Problem to work on: Every line below from the one with "Marika Ivanna Ribbed Yoga Leggings" through the one with "STRASZNE PRZYGODY KOZIOLKA-GMP" should be retyped exactly, both ends included; no other lines and no pictures.

Material provided:
● ● ● ● ● ● ●
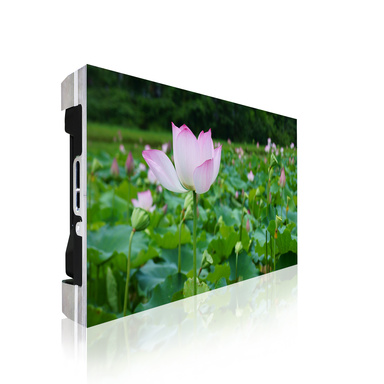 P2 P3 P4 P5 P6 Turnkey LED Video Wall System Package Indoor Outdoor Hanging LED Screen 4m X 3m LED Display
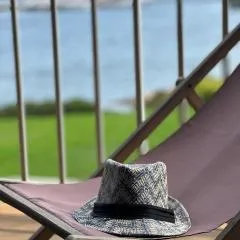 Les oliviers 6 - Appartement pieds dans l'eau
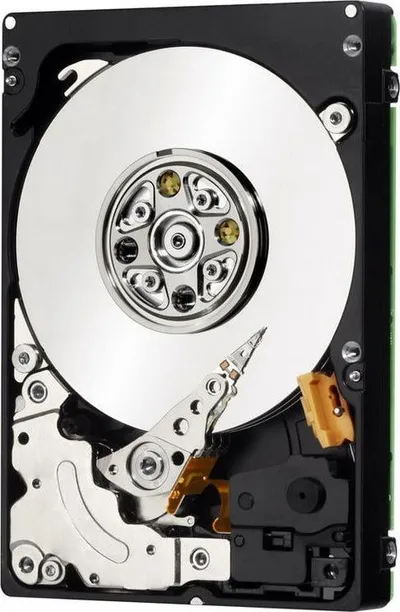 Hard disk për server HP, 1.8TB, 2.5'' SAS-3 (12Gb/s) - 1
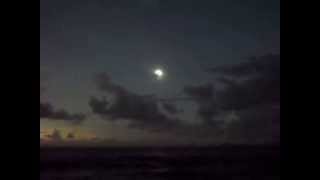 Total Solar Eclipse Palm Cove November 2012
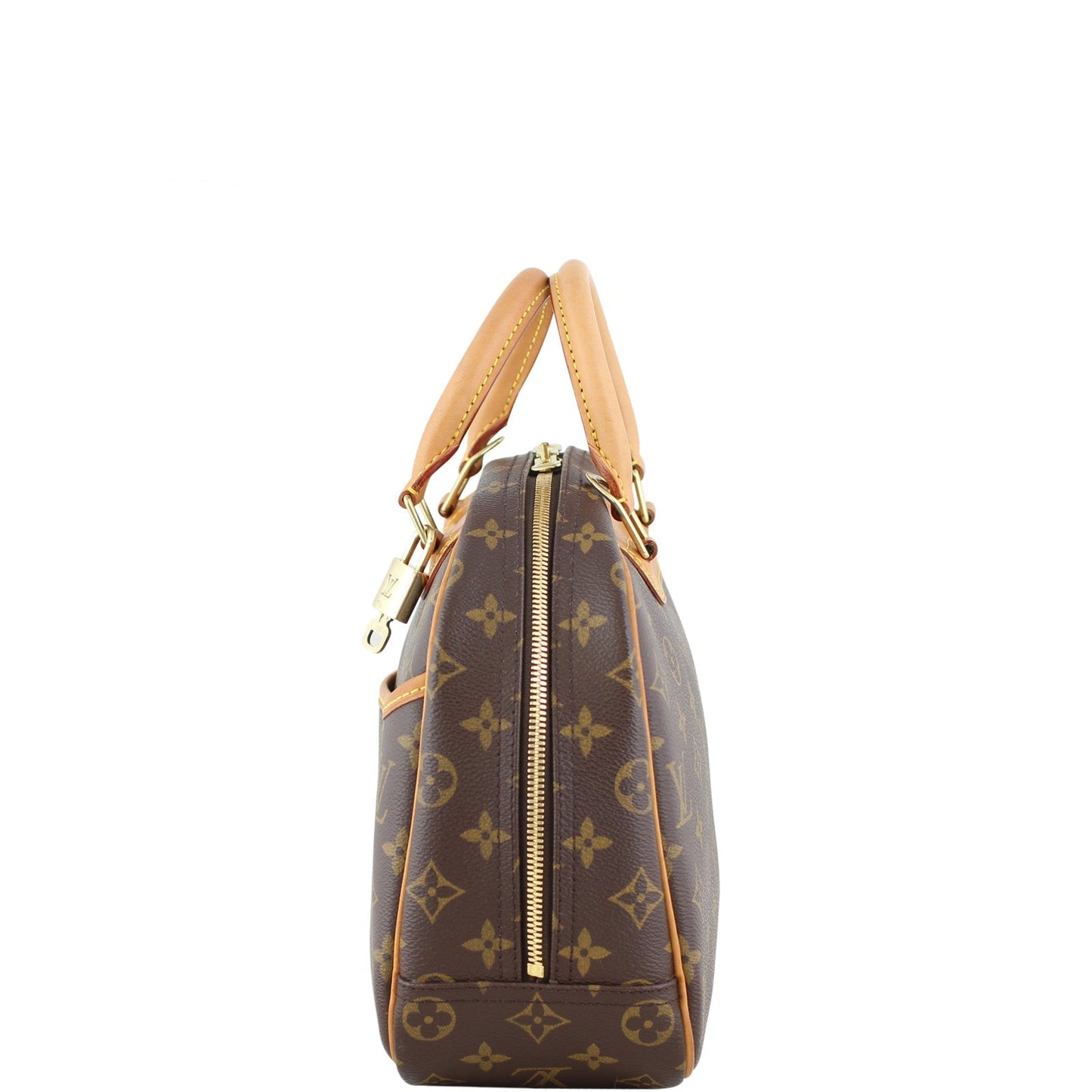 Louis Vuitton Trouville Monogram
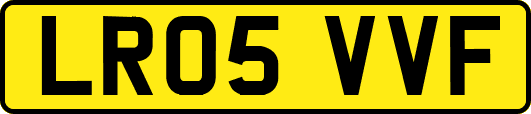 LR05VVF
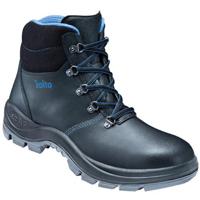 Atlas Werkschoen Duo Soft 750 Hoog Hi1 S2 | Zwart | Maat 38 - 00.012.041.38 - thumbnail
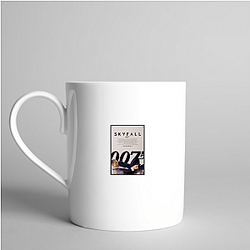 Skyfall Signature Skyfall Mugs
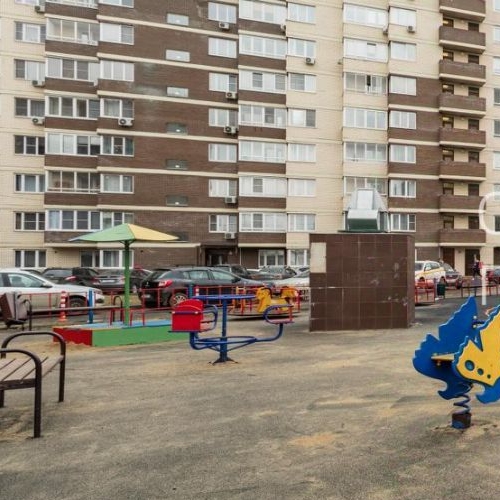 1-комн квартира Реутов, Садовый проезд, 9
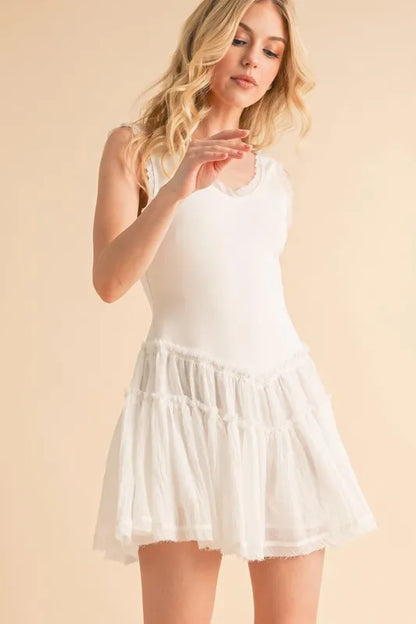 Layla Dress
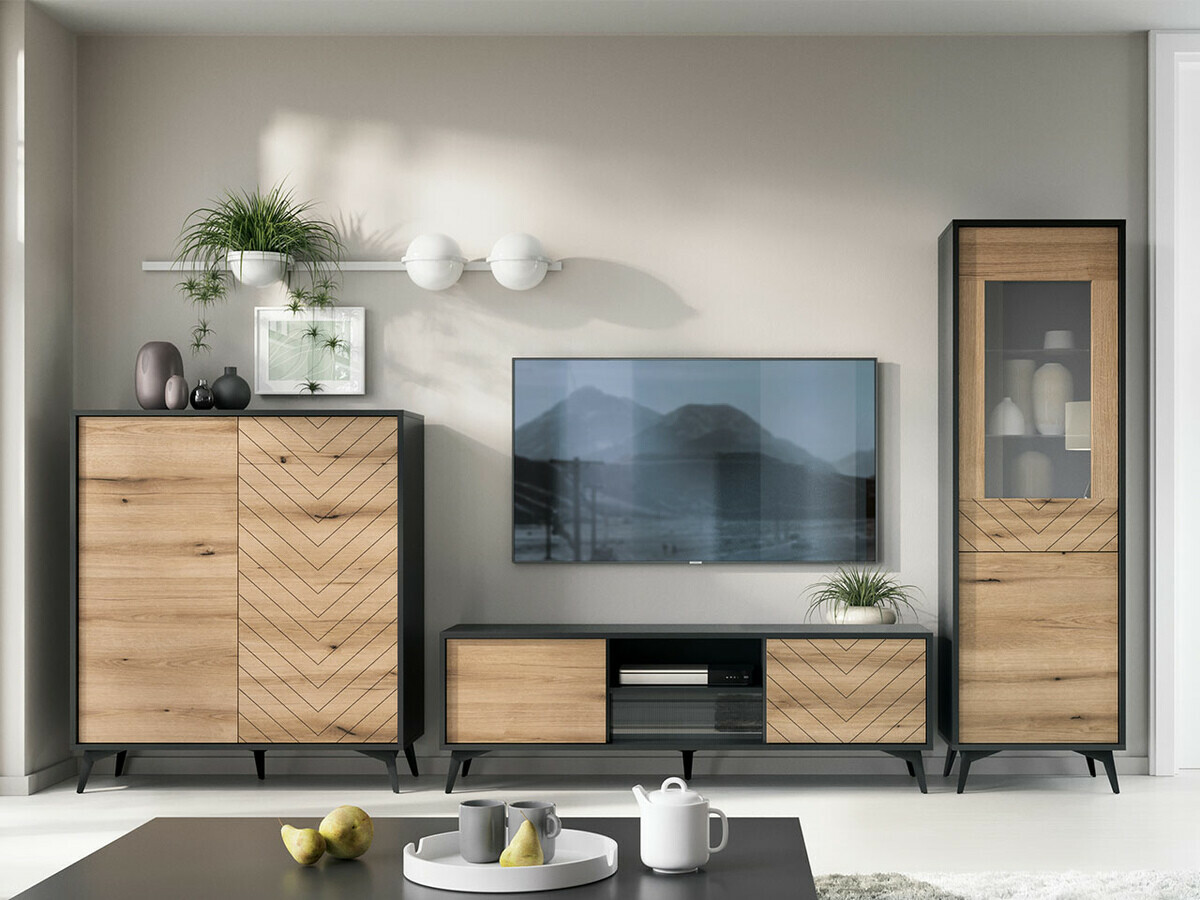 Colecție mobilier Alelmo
● ● ● ● ● ● ●
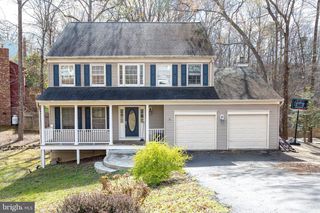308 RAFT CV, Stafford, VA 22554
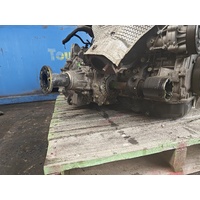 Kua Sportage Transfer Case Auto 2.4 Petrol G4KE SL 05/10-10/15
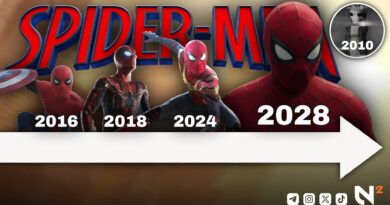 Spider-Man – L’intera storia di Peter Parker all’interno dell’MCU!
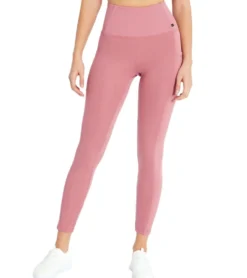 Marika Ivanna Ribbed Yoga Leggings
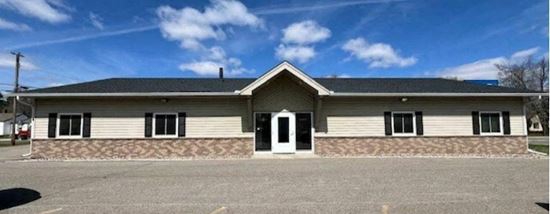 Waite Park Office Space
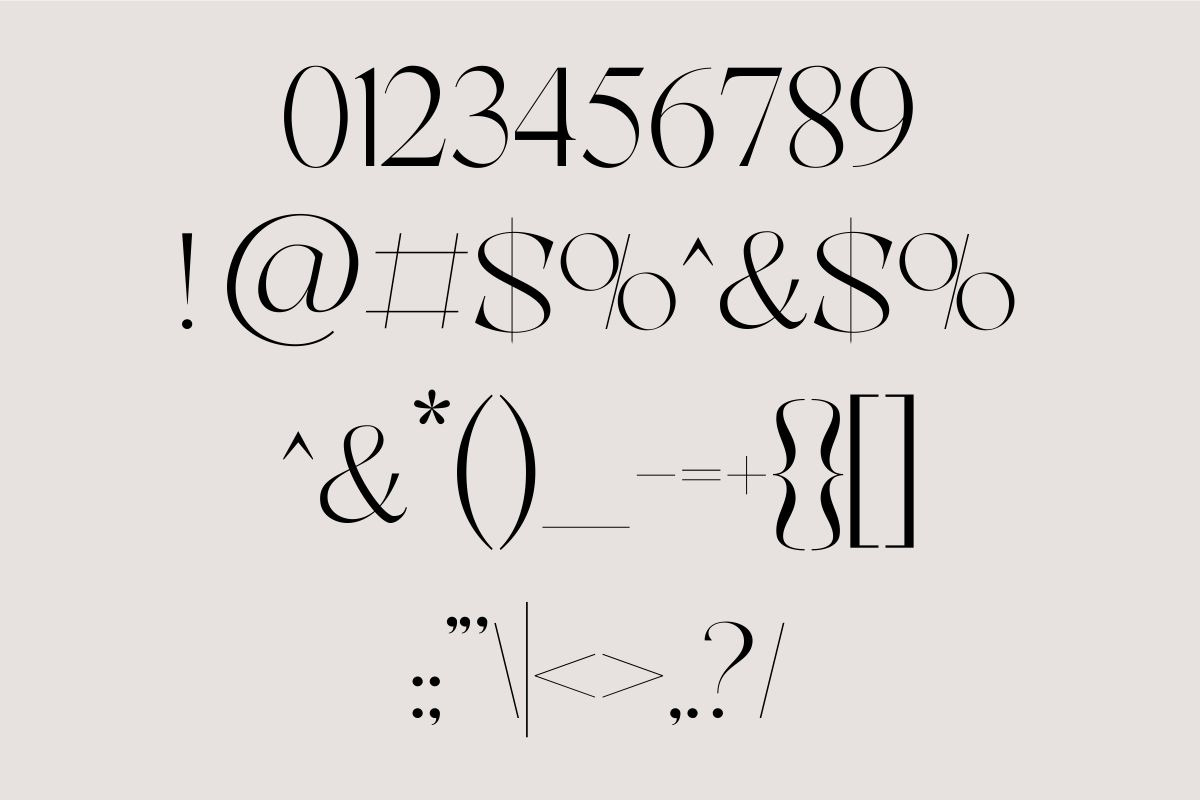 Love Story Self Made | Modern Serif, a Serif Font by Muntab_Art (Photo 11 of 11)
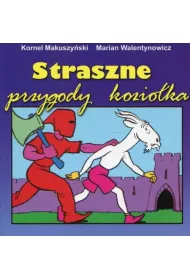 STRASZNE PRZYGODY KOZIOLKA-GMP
● ● ● ● ● ● ●
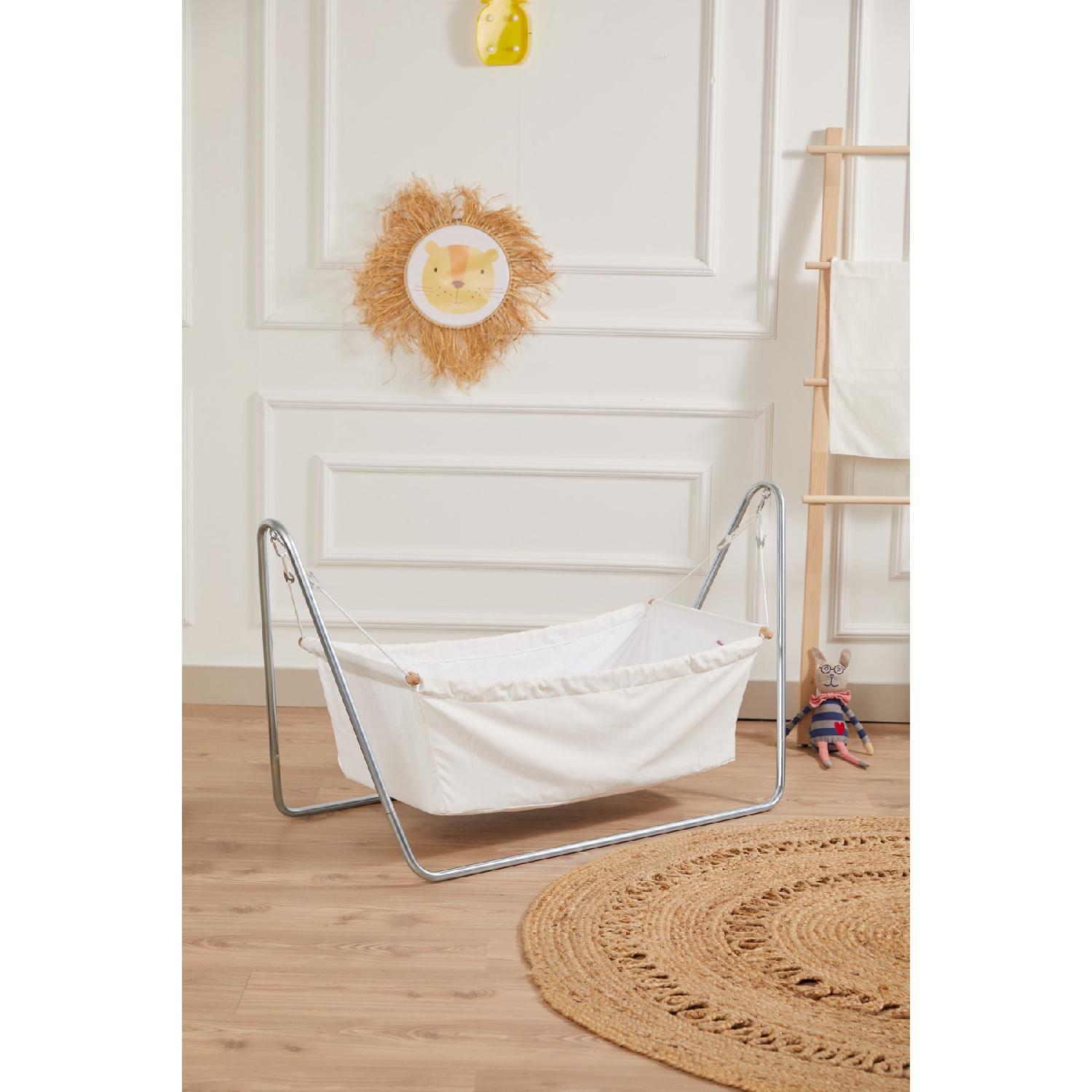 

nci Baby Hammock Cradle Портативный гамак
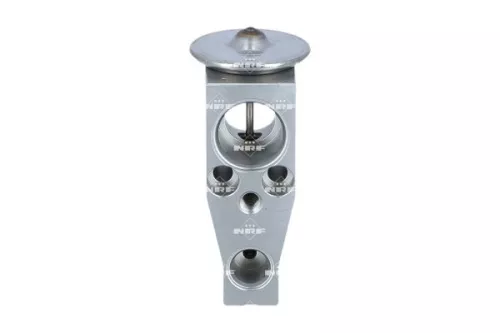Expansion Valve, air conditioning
● ● ● ● ● ● ●
Problem solution:
 Marika Ivanna Ribbed Yoga Leggings
 Waite Park Office Space
 Love Story Self Made | Modern Serif, a Serif Font by Muntab_Art (Photo 11 of 11)
 STRASZNE PRZYGODY KOZIOLKA-GMP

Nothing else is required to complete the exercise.